The AAdvantage Notes, 2021 AAdvantage Term Loan Facility and 2025 AAdvantage Term Loan Facility are collectively referred to as the AAdvantage Financing. The term loans drawn under the 2021 AAdvantage Term Loan Facility and 2025 AAdvantage Term Loan Facility (collectively, the AAdvantage Loans) are fully and unconditionally guaranteed (together with the AAdvantage Note Guarantees, the AAdvantage Guarantees) by the SPV Guarantors and AAG.
Subject to certain permitted liens and other exceptions, the AAdvantage Notes, AAdvantage Loans and AAdvantage Guarantees provided by the SPV Guarantors are secured by a first-priority security interest in, and pledge of, various agreements with respect to the AAdvantage program (the AAdvantage Agreements) (including all payments thereunder) and certain intellectual property licenses, certain deposit accounts that will receive cash under the AAdvantage Agreements, certain reserve accounts, the equity of each of Loyalty Issuer and the SPV Guarantors and substantially all other assets of Loyalty Issuer and the SPV Guarantors, including American’s rights to certain data and other intellectual property used in the AAdvantage program (subject to certain exceptions) (collectively, the AAdvantage Collateral).
Payment Terms of the AAdvantage Financing
Interest on the AAdvantage Notes is payable in cash, quarterly in arrears on the 20th day of each January, April, July and October (each, an AAdvantage Payment Date), which began on July 20, 2021. The 2026 Notes will mature on April 20, 2026, and the 2029 Notes will mature on April 20, 2029. The outstanding principal on the 2026 Notes are repaid in quarterly installments of $292 million on each AAdvantage Payment Date, which began in July 2023. The outstanding principal on the 2029 Notes will be repaid in quarterly installments of $250 million on each AAdvantage Payment Date, beginning on July 20, 2026.
The AAdvantage Issuers may redeem the AAdvantage Notes, at their option, in whole or in part, at a redemption price equal to 100% of the principal amount of the AAdvantage Notes redeemed plus a “make-whole” premium, together with accrued and unpaid interest to the date of redemption.
The scheduled maturity date of the term loans under the 2021 AAdvantage Term Loan Facility is April 20, 2028. The outstanding principal on the loans due under such facility will be repaid in quarterly installments of approximately $6 million, on each AAdvantage Payment Date. The scheduled maturity date of the term loans under the 2025 AAdvantage Term Loan Facility is May 28, 2032. The outstanding principal on the loans due under such facility will be repaid in quarterly installments of approximately $3 million, on each AAdvantage Payment Date.
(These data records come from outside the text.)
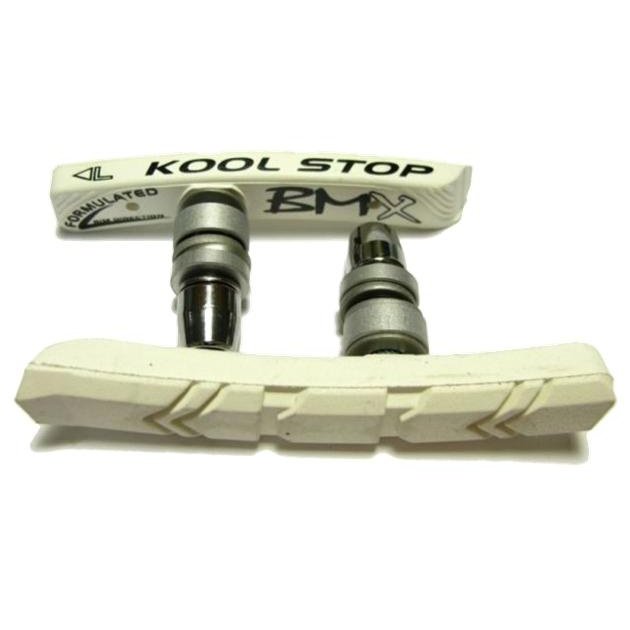 Kool Stop BMX White Threaded Brake Pads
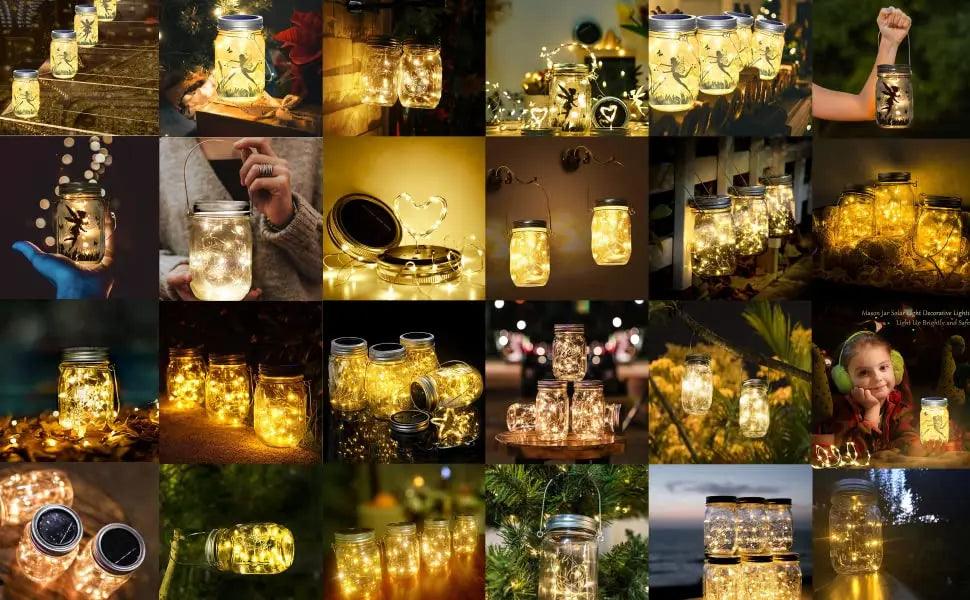 Mason Jar Firefly Solar String Lights 20 (Mason Jar Not Included)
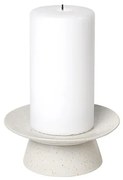 Βάση για Κερί και Γλυκά Nordic Vanilla Πορσελάνη Ø14,5 x H6 cm Broste Copenhagen
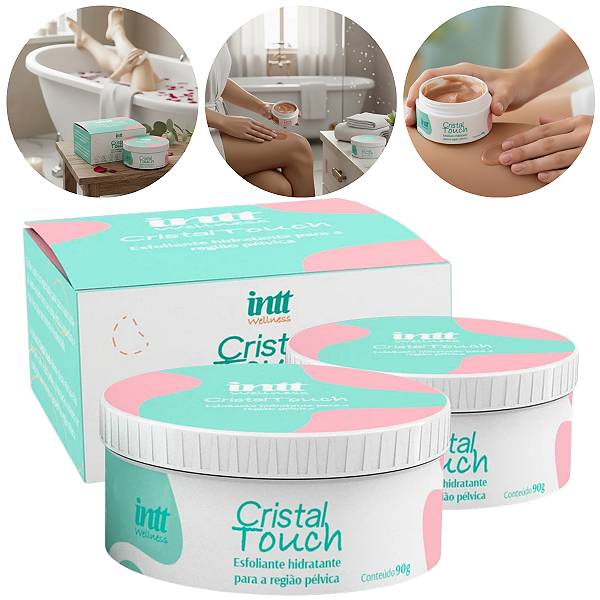 Esfoliante Cristal Touch Intt Hidratante Pélvico 90g  - Kit 3 und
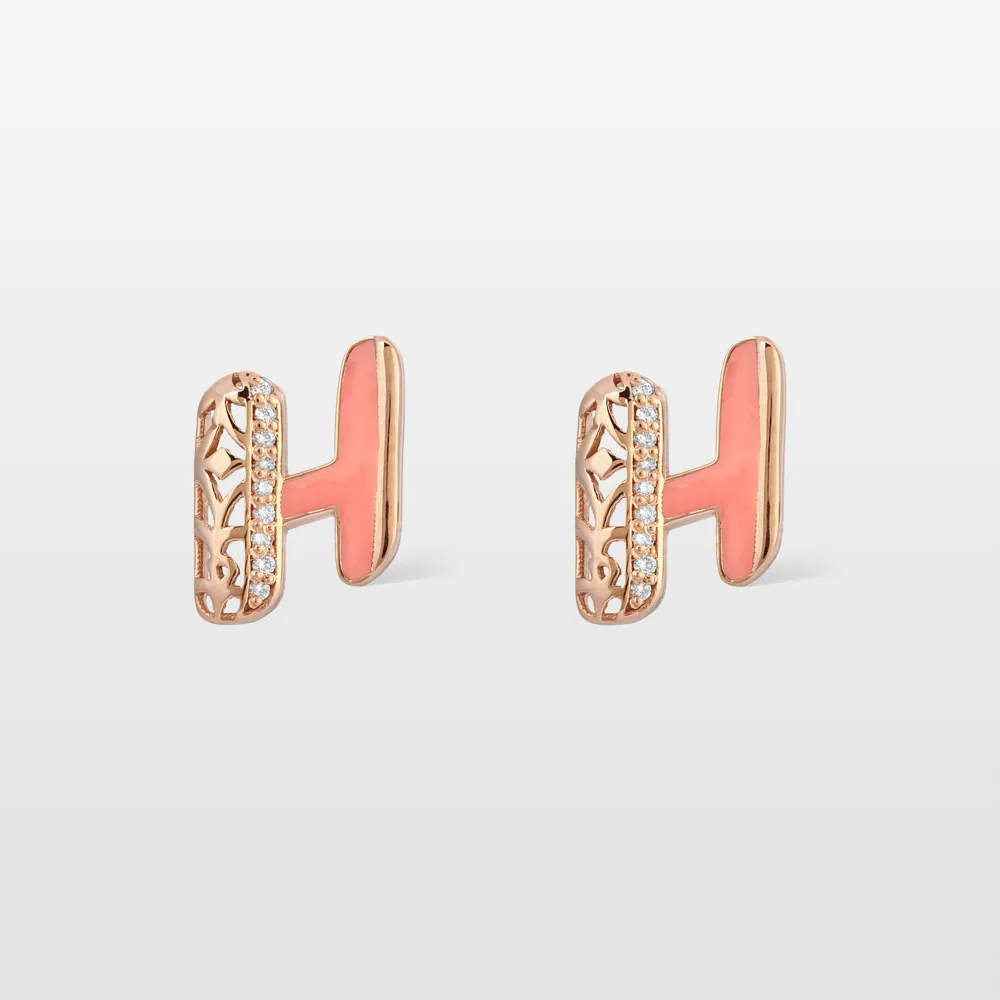 Retro Diamond Stud Earrings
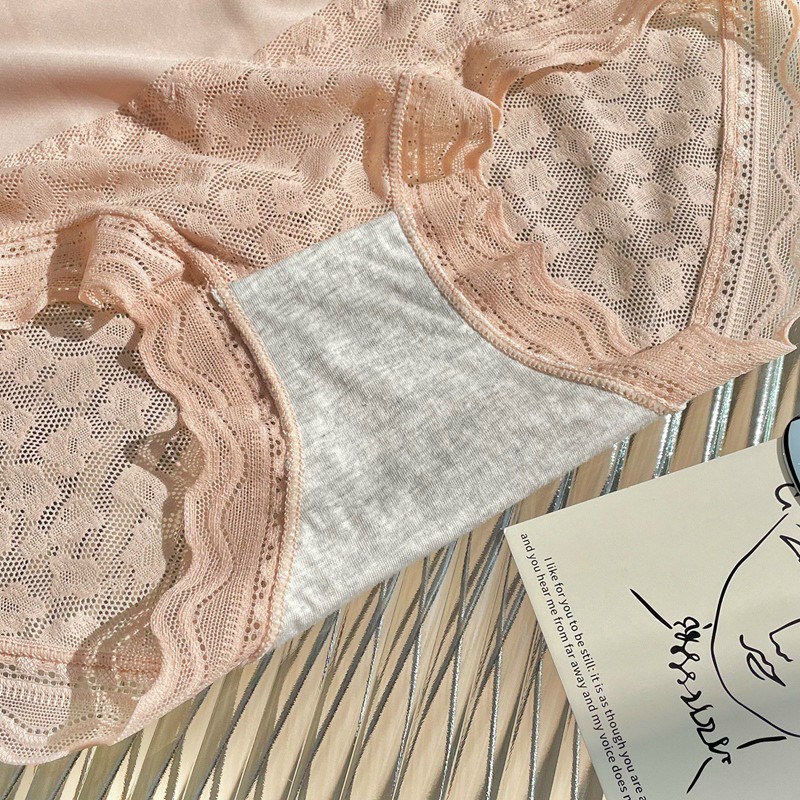 Quần gen bụng cạp cao su phối ren thoáng mát đẹp cao cấp QG01 - Her Sleepwear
These amortization payments (as well as those for the AAdvantage Notes) will be subject to the occurrence of certain early amortization events, including the failure to satisfy a minimum debt service coverage ratio at specified determination dates.
Prepayment of some or all of the outstanding amounts under the AAdvantage Loans is permitted, although payment of an applicable premium is required as specified in the term loans of the AAdvantage Loans.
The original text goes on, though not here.